### What you have to do
Using the listing below, print the line containing "चार महिनापछि सिंहदरबार", the line containing "VW Passat CC 2.0 TDI (140KM), 2008", and each line between them, exactly and nothing else. Pictures stay out of the print.

### Supplied data
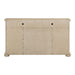 Summer House 2 Door 5 Drawer Dresser - Furniture 4 Less (Jacksonville, NC)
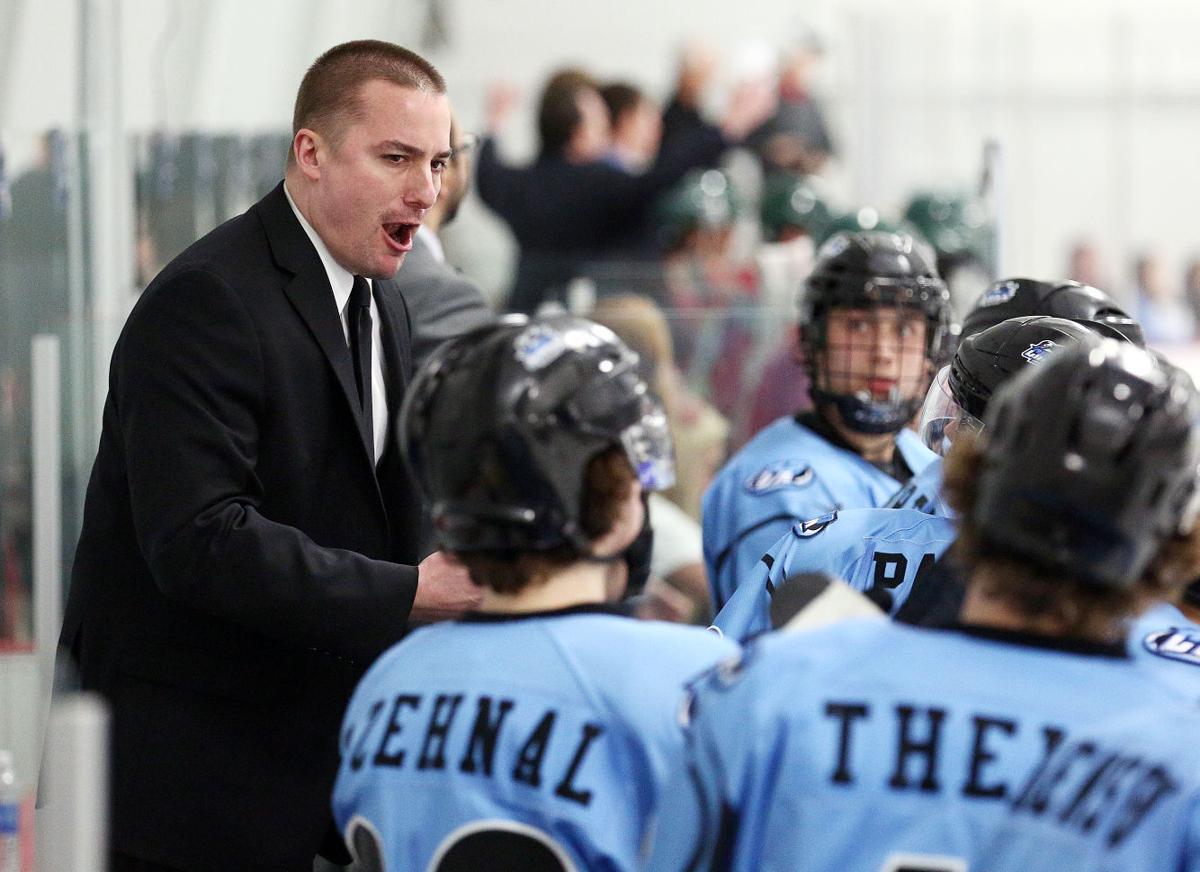 Chill continue to move forward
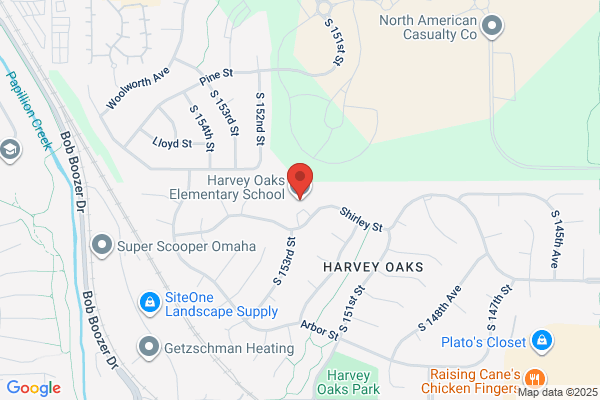 Millard Public Schools, Harvey Oaks Elementary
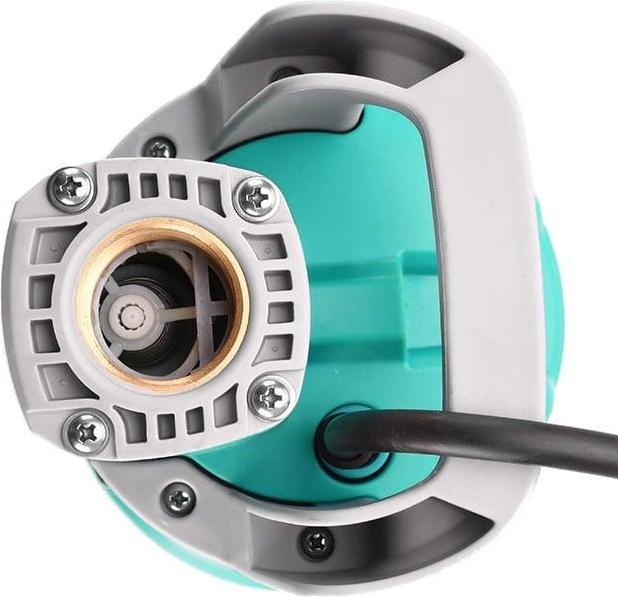 Image du produit IBO POMPE SUBMERSIBLE MULTI IP1000 AUTO 1000W (Pompe à débit)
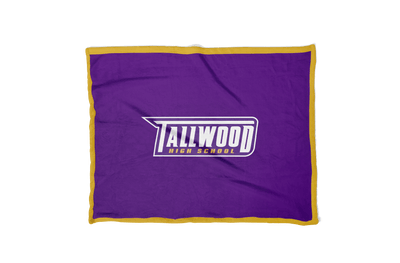 Tallwood Cross Country 76612159 Blanket - 1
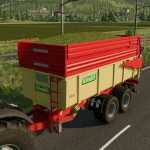 leboulch gold 15t v1.1 fs22 1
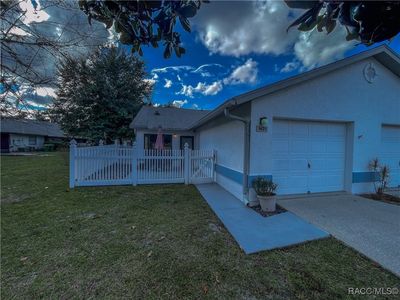 1421 Longboat Point, Inverness, FL, 34450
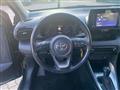 TOYOTA YARIS 1.5h Active ADATTA X NEOPATENTATI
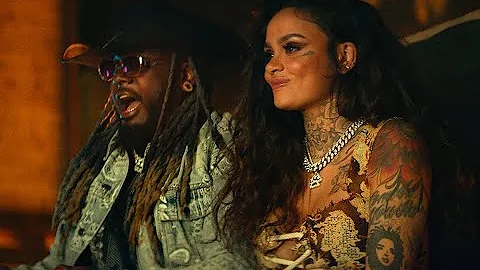 T-Pain & Kehlani - I Like Dat (Official Video)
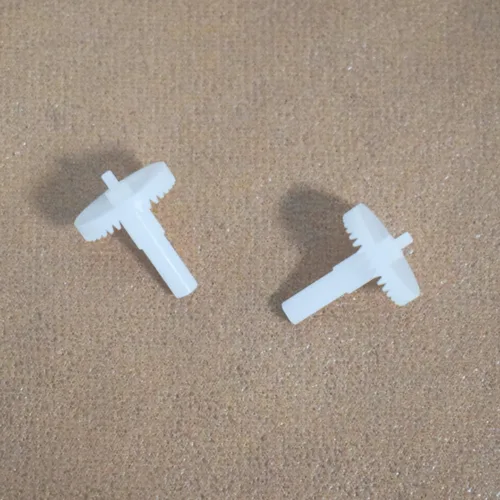 Miniatura 4 de Engranaje grande de 4 piezas de 36 dientes y 4 piezas de engranajes de motor de 7 dientes para E88 E88PRO E88MAX E525 E99 E99PRO P1 P5PRO K3 S1 P8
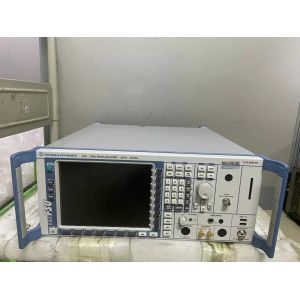 China FSU50 50 GHz High Dynamic Range Spectrum Analyzer  Rohde & Schwarz Used Spectrum Analyser wholesale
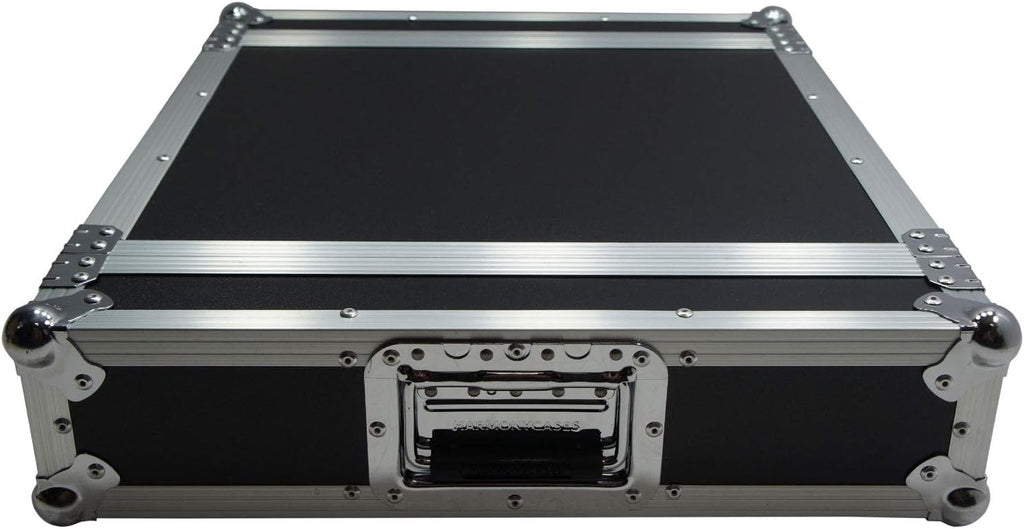 2U Rack Space Amplifier Case P564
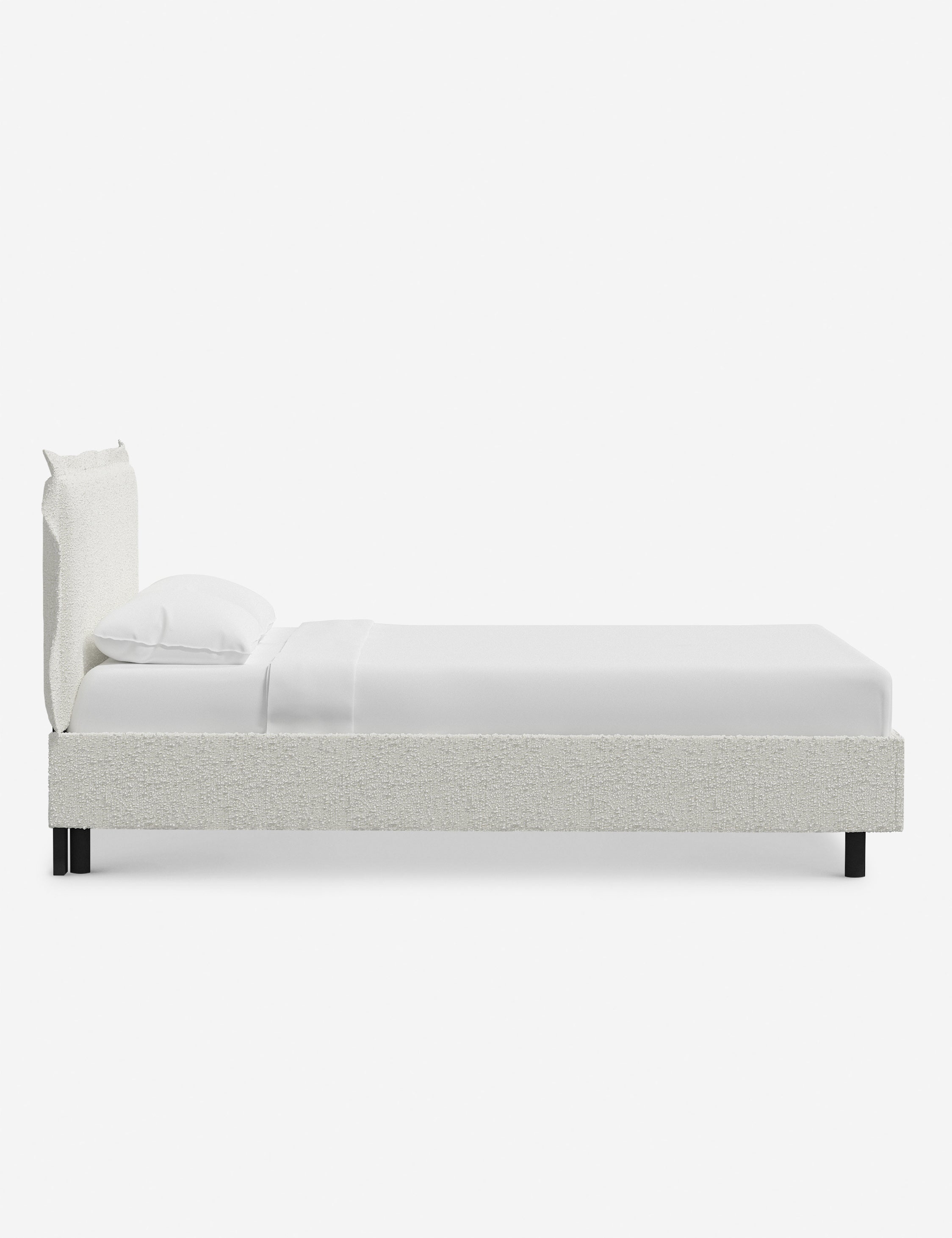 Lulu and Georgia - Elara Platform Bed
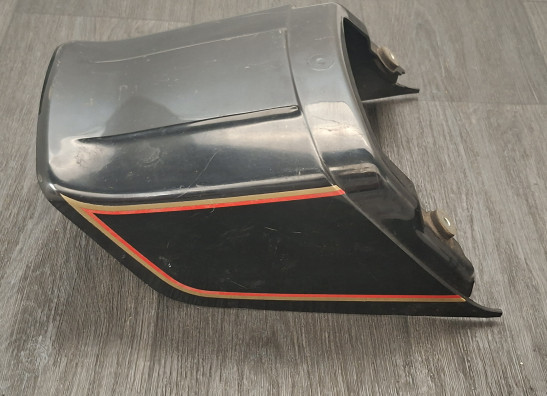 Buddycover Suzuki GS 400 E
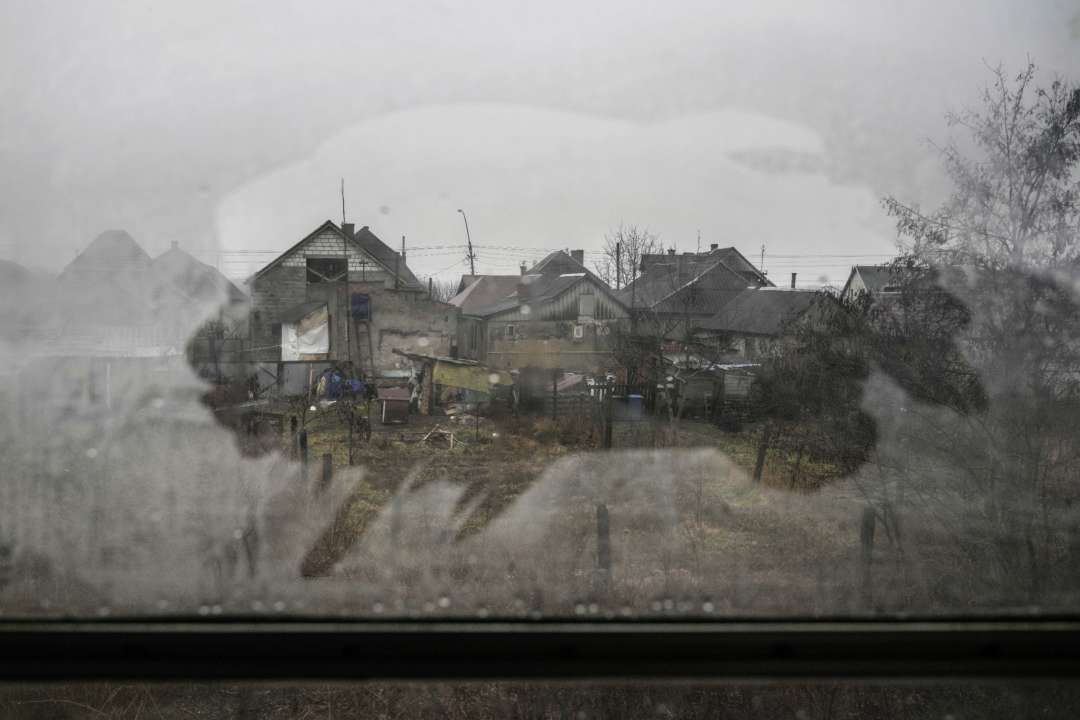 Фото: Getty Images Дома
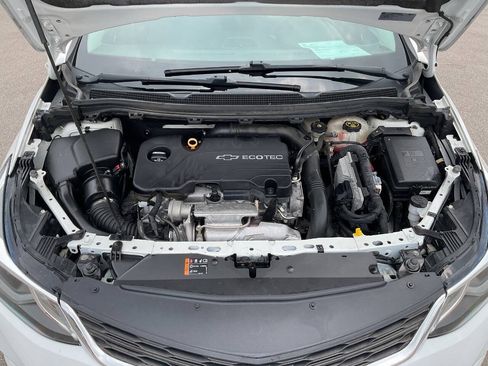 Used 2016 Chevrolet Cruze LT FWD image 47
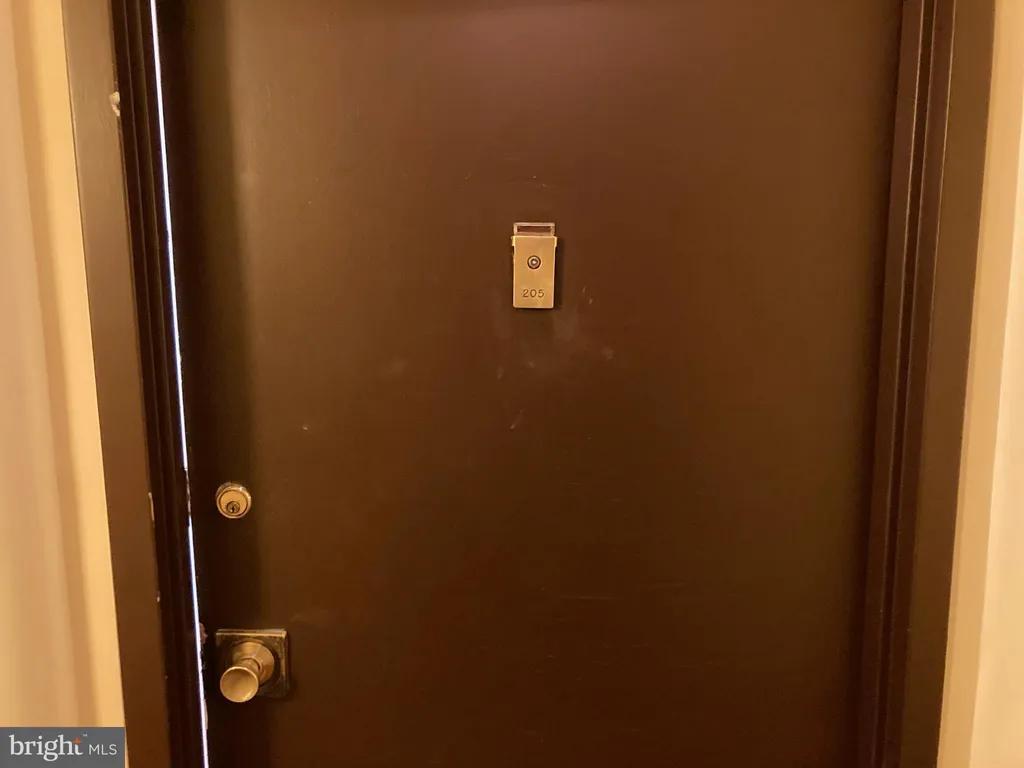 950 25th Street NW Unit 205N, Washington, DC 20037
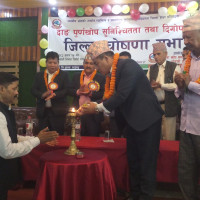 चार महिनापछि सिंहदरबार वैद्यखानामा औषधि उत्पादन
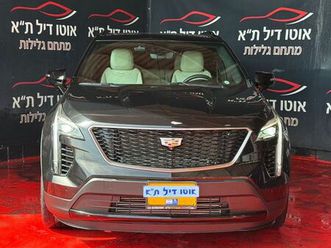 sport אוט׳ 2.0 (237 כ״ס)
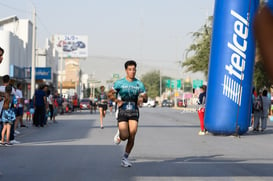 Carrera 5K y 10 millas Día del Padre @tar.mx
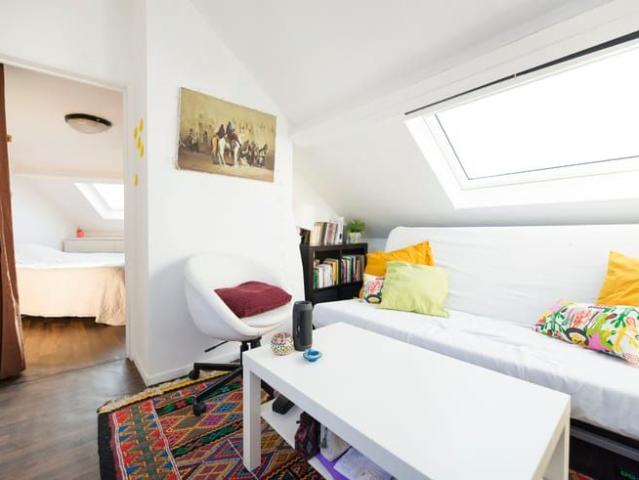 Appartement location à Saint-gilles, Bruxelles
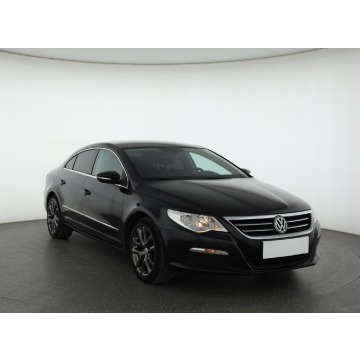 VW Passat CC 2.0 TDI (140KM), 2008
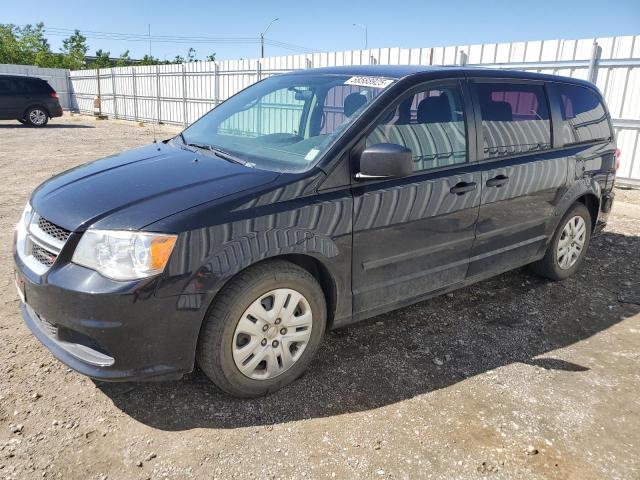 Vin: 2c4rdgbg4er368998, lot: 58588925, dodge caravan se 2014 img_1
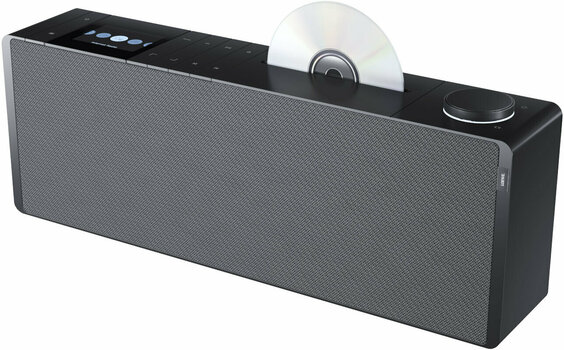 Kućni zvučni sustav Loewe Klang S3 Basalt Grey Kućni zvučni sustav - 4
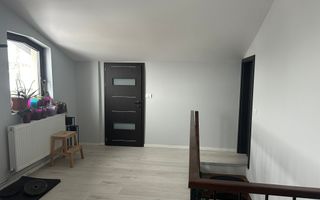 Braytim | Casă individuală P+M | 5 camere | Mobilată | Utilități complete - Poză 13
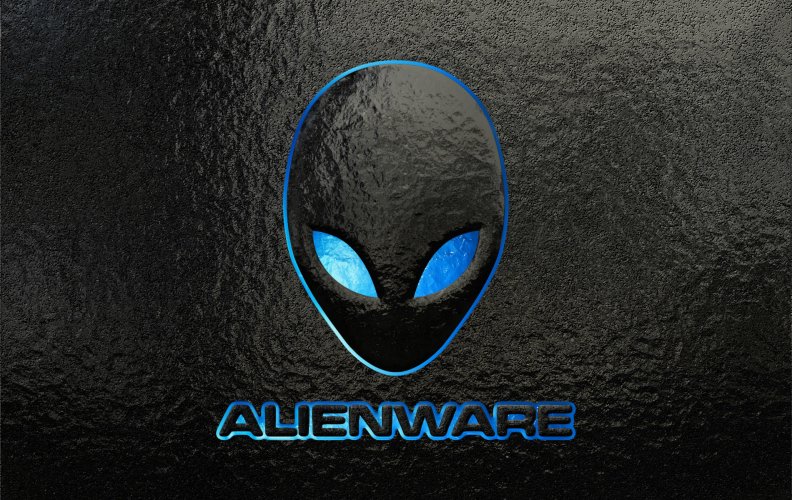 Cobalt Alienware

### Written response
 चार महिनापछि सिंहदरबार वैद्यखानामा औषधि उत्पादन
 sport אוט׳ 2.0 (237 כ״ס)
 Carrera 5K y 10 millas Día del Padre @tar.mx
 Appartement location à Saint-gilles, Bruxelles
 VW Passat CC 2.0 TDI (140KM), 2008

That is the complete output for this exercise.